### DATA EXTRACT
+--

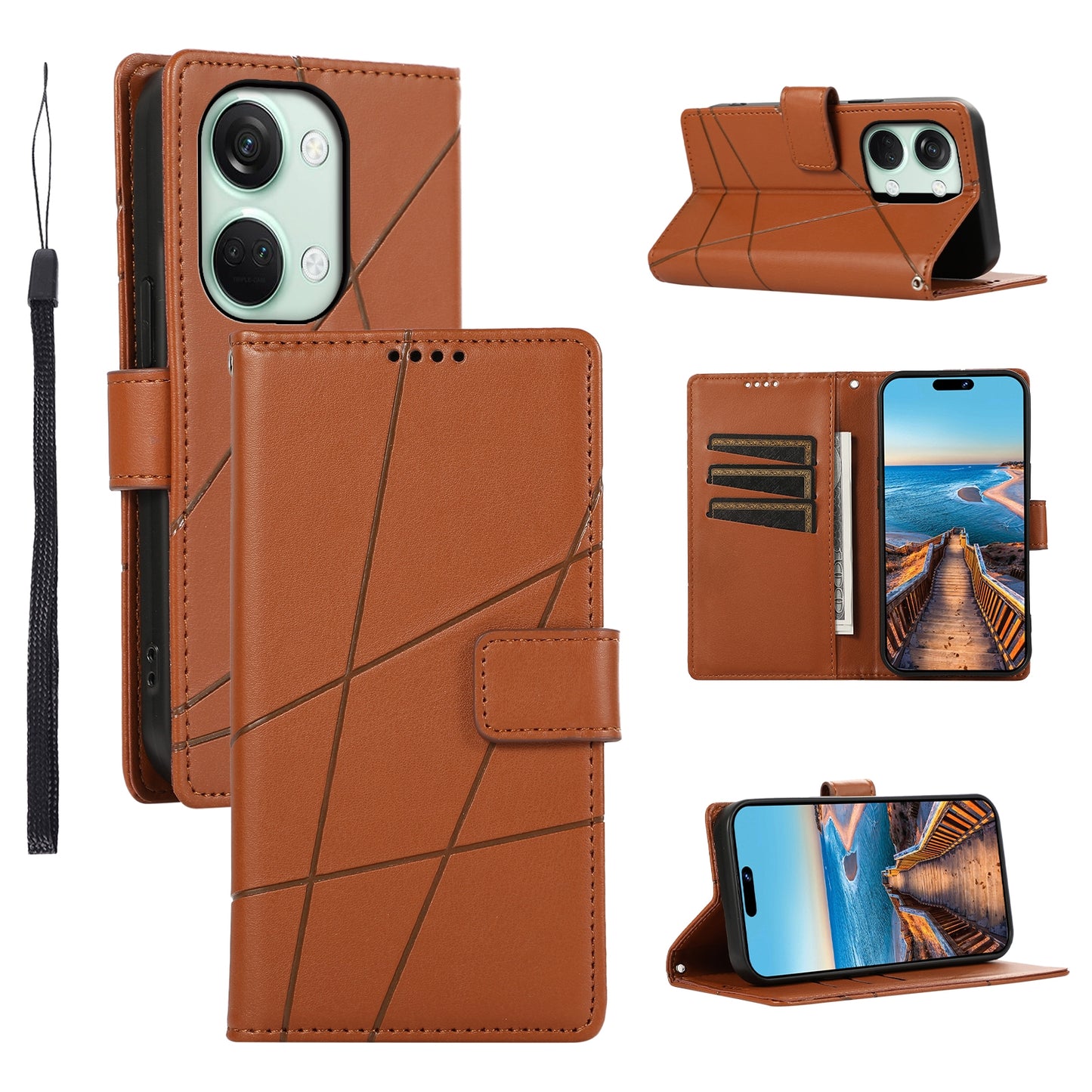 OnePlus Ace 2V PU Genuine Leather Texture Embossed Line Phone Case with Card Wallet, Kickstand & Wrist Strap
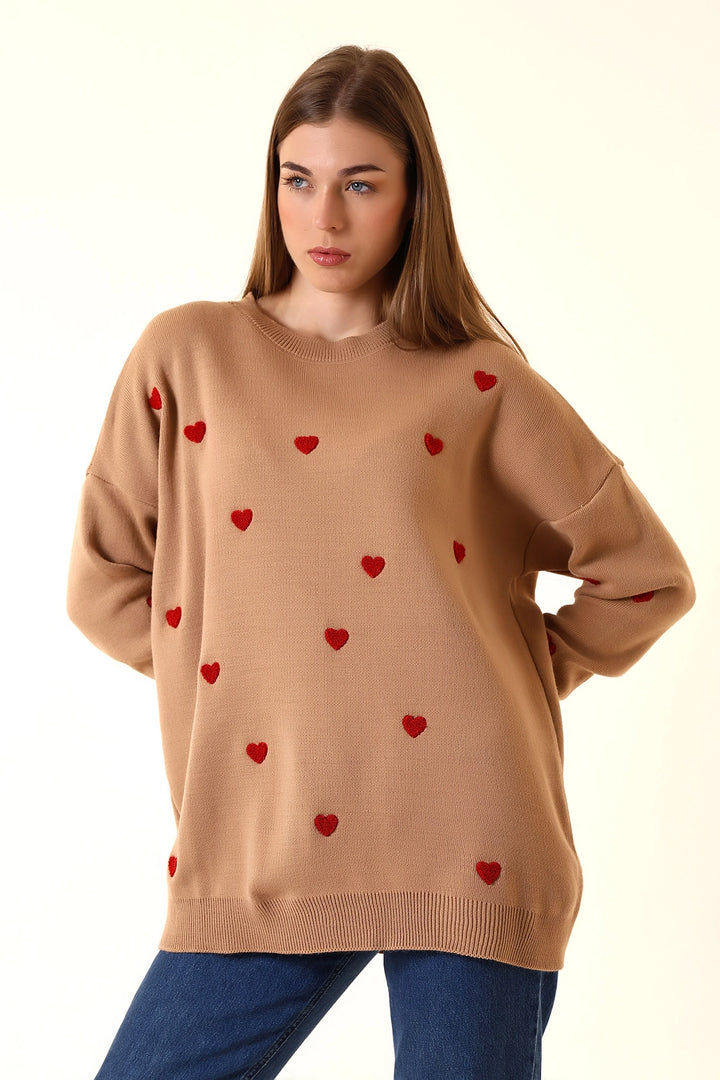 Biscuit Bicycle Neck Heart Pattern Winter Sweater BCVL-T243150 - Greer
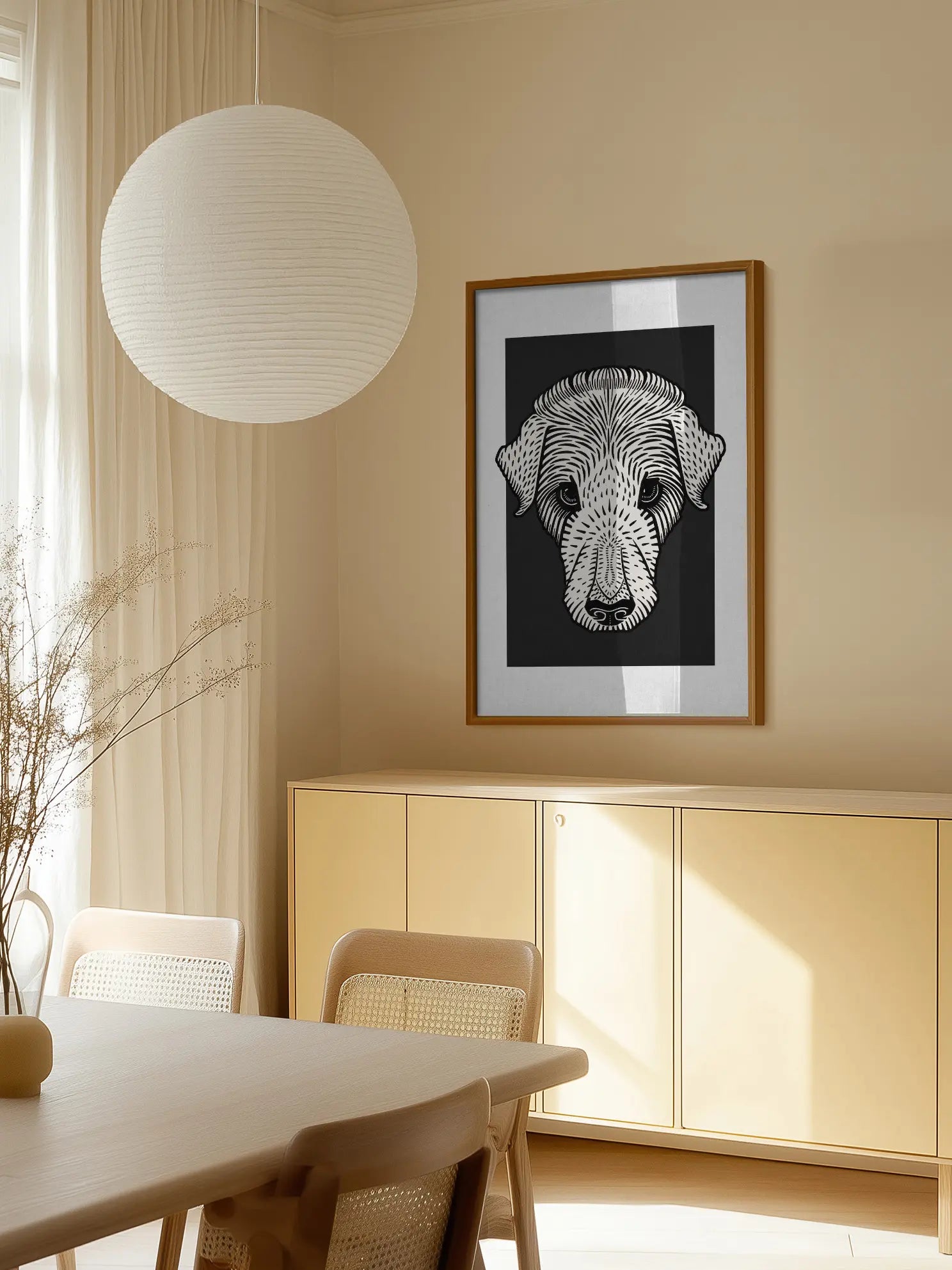 Dog in Black and White Poster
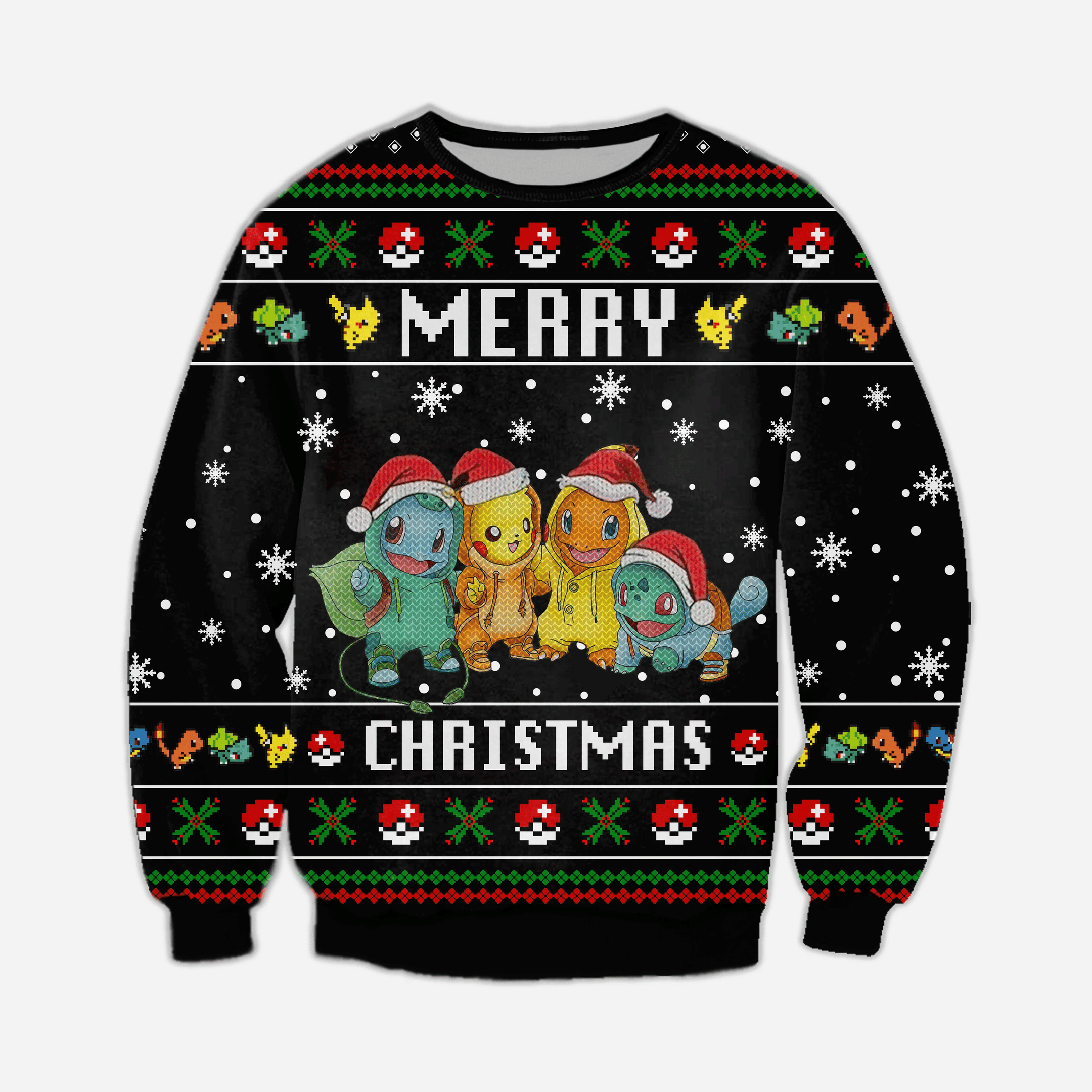 Pokemon Christmas Knitting Pattern 3D Print Ugly Christmas Sweater Adult 3D Funny Matching for family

+--

### THE PROBLEM
Pictures must be left out. Return verbatim only the lines from the line with "Dog in Black and White Poster" through the final line of the material above, including both ends.

### THE COMPLETED TASK
 Dog in Black and White Poster
 Pokemon Christmas Knitting Pattern 3D Print Ugly Christmas Sweater Adult 3D Funny Matching for family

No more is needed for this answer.